WHERE pk = 'ID1' OR pk = 'ID2' OR pk = 'ID3'

These kind of filters will result in a primary key lookup. You can use the EXPLAIN statement to verify if this is the case:

cr> CREATE TABLE pk_demo (id int primary key);
CREATE OK, 1 row affected  (... sec)

cr> EXPLAIN SELECT * FROM pk_demo WHERE id = 1;
+--------------------------------------------------------+
| QUERY PLAN                                             |
+--------------------------------------------------------+
| Get[doc.pk_demo | id | DocKeys{1} | (id = 1)] (rows=1) |
+--------------------------------------------------------+
EXPLAIN 1 row in set (... sec)

This lists a Get operator, which is the internal operator name for a primary key lookup. Compare this with the following output:

cr> EXPLAIN SELECT * FROM pk_demo WHERE id > 1;
+-------------------------------------------------------+
| QUERY PLAN                                            |
+-------------------------------------------------------+
| Collect[doc.pk_demo | [id] | (id > 1)] (rows=unknown) |
+-------------------------------------------------------+
EXPLAIN 1 row in set (... sec)

The filter changed to id > 1, in this case CrateDB can no longer use a primary key lookup and the used operator changed to a Collect operator.

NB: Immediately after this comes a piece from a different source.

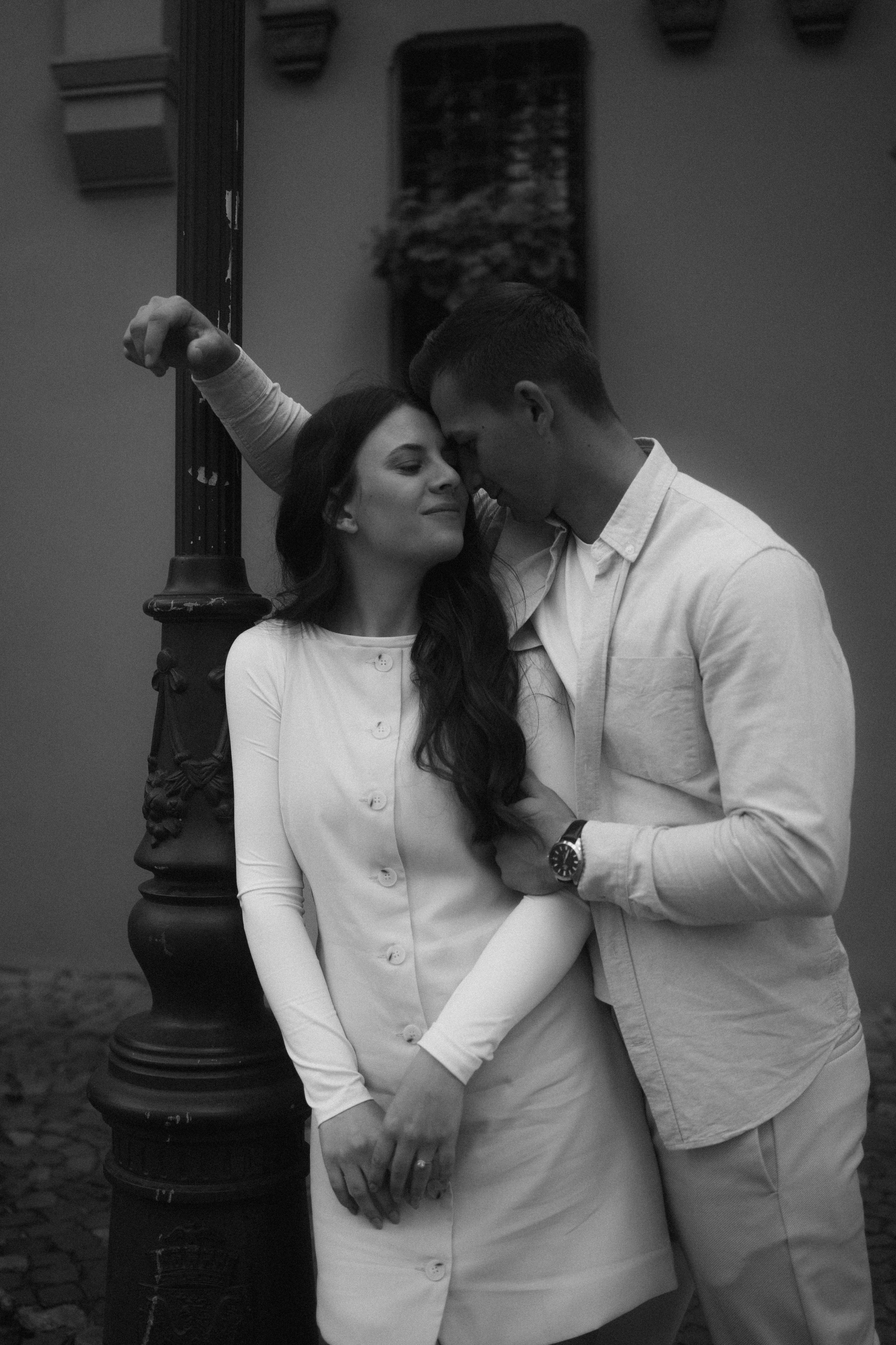 Andra & Auraș. STORYCATCHERS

To avoid the need for manual refreshes it can be useful to make use of primary key lookups, as they see the data even if the table hasn’t been refreshed yet.

See also Consistency.

Note

Due to internal constraints, when the WHERE clause filters on multiple columns of a PRIMARY KEY, but one or more of those columns is tested against lots of values, the query might be executed using a Collect operator instead of a Get, thus records might be unavailable until a REFRESH is run. The same situation could occur when the WHERE clause contains long complex expressions, e.g.:

SELECT * FROM t
WHERE pk1 IN (<long_list_of_values>) AND pk2 = 3 AND pk3 = 'foo'

SELECT * FROM t
WHERE pk1 = ?
    AND pk2 = ?
    AND pk3 = ?
    OR pk1 = ?
    AND pk2 = ?
    AND pk3 = ?
    OR pk1 = ?
    ...

Parameters

table_ident:

The name (optionally schema-qualified) of an existing table that is to be refreshed.

Clauses

PARTITION

If the table is partitioned, the optional PARTITION clause can be used to refresh one partition exclusively.

[ PARTITION ( partition_column = value [ , ... ] ) ]
partition_column:

One of the column names used for table partitioning.

value:

The respective column value.

All partition columns (specified by the PARTITIONED BY clause) must be listed inside the parentheses along with their respective values using the partition_column = value syntax (separated by commas).

Because each partition corresponds to a unique set of partition column row values, this clause uniquely identifies a single partition to refresh.

Tip

The SHOW CREATE TABLE statement will show you the complete list of partition columns specified by the PARTITIONED BY clause.